One area many business owners struggle with is keeping track of their finances, but it is one of the most important areas, given that cash flow is the lifeblood of the business. Small mistakes and a lack of knowledge and resources can be costly and problematic.
It takes time to get this right, but if done correctly, your business will be in a great position. There is always a choice, so bookkeeping can be done manually or using modern accounting software online. Various tasks, like dealing with invoices, recording expenses, monitoring outgoings and paying employees can be very time consuming. If you haven’t got the time to do it all yourself, just find someone, or a service to do it for you.
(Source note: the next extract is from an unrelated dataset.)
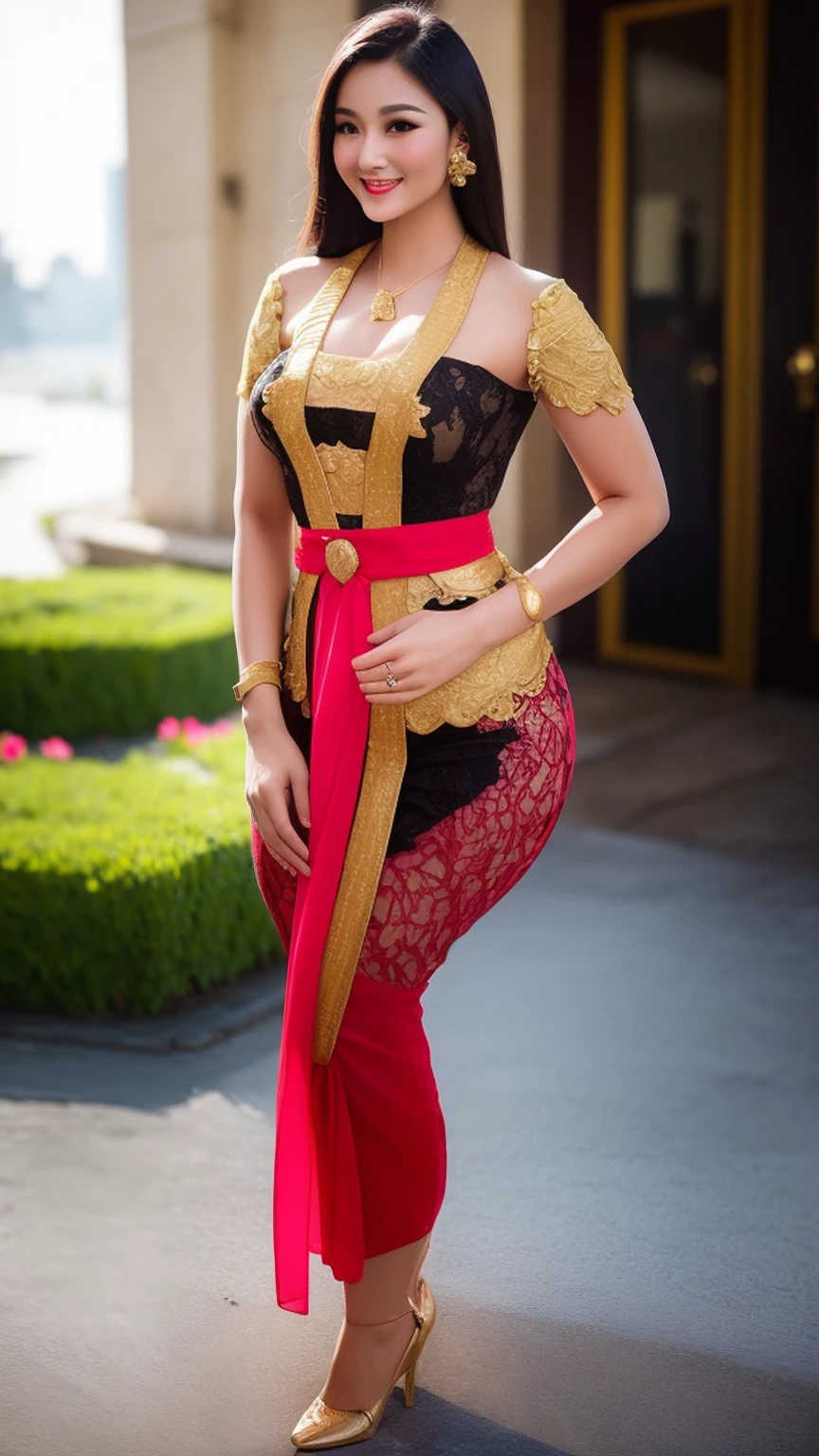 photography, woman, portrait of woman wearing kebaya_bali in black long kebaya dress traditional, red lipstick, golden necklace, earrings, ornate, detail, flowers, blurry background, soft focus,((Full Body)),(cute face:1.5), (huge breasts:1.1),high-heels, ((big hips)), medium thighs,((dimple)),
The yearly financial performance of your business must be presented in a formal record and in a prescribed format – this includes sales, costs, assets (things like stock or machinery or equipment) and amounts owed. The due date for submitting accounts depends on whether you operate as a sole trader or a limited company.
You can choose when your accounting year ends but since taxable income for sole traders is calculated on an 6 April to 5 April basis – and accounts need to back up their tax return – it makes sense for sole traders (and partnerships) to have an accounting year that runs from 1 April to 31 March. The relevant accounts need to be completed before the following 31st January, to be used when completing your self-assessment tax return due on that date.
For limited companies, you can more or less choose your accounting year to suit yourself and your business but you still need to complete and file accounts every year with Companies House.
All UK limited companies pay this, and it is currently charged at 20% on any profit generated within the year up to £300,000 – it is slightly higher for companies with profits above this mark. A corporation tax return must be completed, with tax due for payment to HMRC within nine months of the accounting period.